Wednesday, January 18, 2012

>INDRAPRASTHA GAS LIMITED: Prices charged for CNG & PNG by IGL include a marketing margin component

Marketing margin to be capped?
Media reports indicate that the central government has entrusted PNGRB with the determination of quantum of marketing margin chargeable on sale of natural gas to end consumers by a marketing entity on the basis of marketing costs incurred by it. Currently, GAIL charges marketing margin of ~$ 0.18/mmbtu on PMT, ~$ 0.12/ mmbtu on APM gas and ~$ 0.7/mmbtu on non-APM gas and LNG. RIL charges $ 0.135/mmbtu for KG D6 gas. Petronet LNG charges ~$ 0.4/mmbtu as marketing margin for spot LNG cargoes.

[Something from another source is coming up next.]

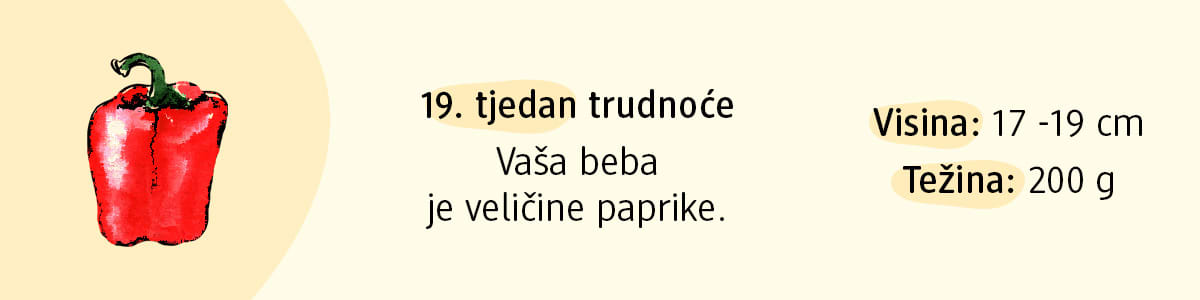 19. tjedan trudnoće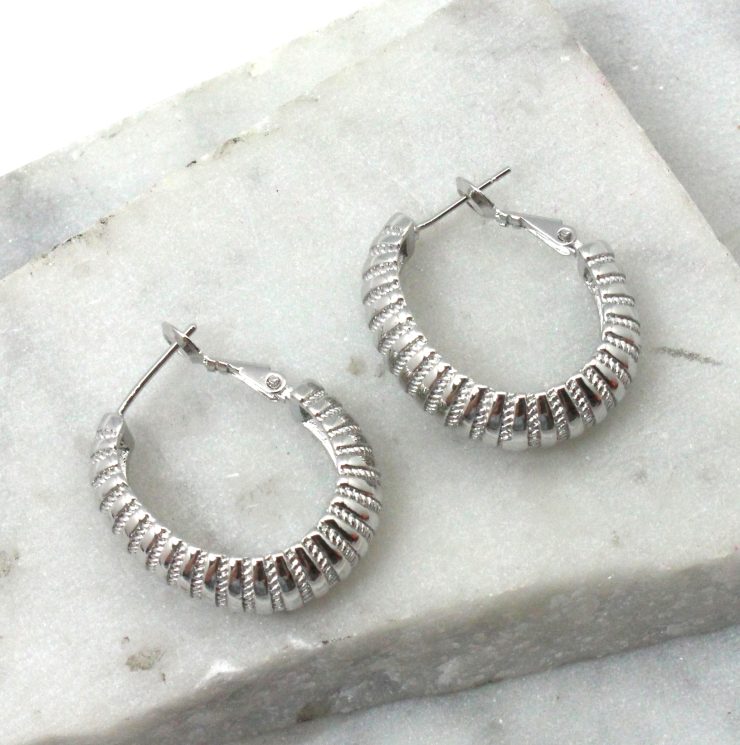 A photo of the Thick Textured Hoop Earrings product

Prices charged for CNG & PNG by IGL also include a marketing margin component.

Scope of regulations limited to domestic gas
The primary target for capping marketing margins would be domestic gas producers & marketers since customers for domestic gas are earmarked & allocated by the Govt. Thus, there are no marketing costs incurred in the process. However, it is not clear whether the current set of rules & regulations are applicable on CGD & LNG terminals. Importing spot LNG from the global market requires an ability to source competitively priced LNG. Also, the company makes its own efforts for identifying customers and signing offtake agreements with the same, which involves considerable resources. CGD companies have to make investments in pipelines, CNG stations, spur lines to ensure last mile connectivity to reach out to new areas and add more customers. Hence, we believe that LNG terminals & CGD companies would not be treated similar to passive sellers of domestic gas.

Implementation to take time
The PNGRB is yet to be fully constituted only after which it can pursue long pending issues related to authorization of transmission networks, transmission tariffs (GSPL), CGD rollout; besides the latest issue of linking marketing margins to marketing costs. PNGRB would also likely invite the various companies to present their case and evaluate the same. Meanwhile, it would also obtain opinions from other Govt. agencies on the scope and ambit of the current regulatory structure. Ultimately, the whole process would take a lot of time.

IGL looks attractive
We had initiated coverage on IGL in Oct 2011 with a contra-consensus SELL call, citing risks to continuance of the past rosy growth & margin scenario. Subsequently, the stock has corrected from Rs 426 at the time of our initiation to Rs 327 currently. Prior to the news flow regarding clamping down on marketing margins, the stock had fallen due to margin pressure resulting from increased dependence on spot LNG and steep rupee depreciation. Price hikes by the company have proved to be insufficient to protect margins. Accordingly, we have revised our estimates downward with FY12E & FY13E EPS going from Rs 25.2 & Rs 27.8 to Rs 19.8 & Rs 22.4 respectively. At the current market price, the stock looks attractively valued @ FY13E P/E of 14.6x and we upgrade our recommendation to a trading BUY at current levels and on dips with a target price of Rs 366.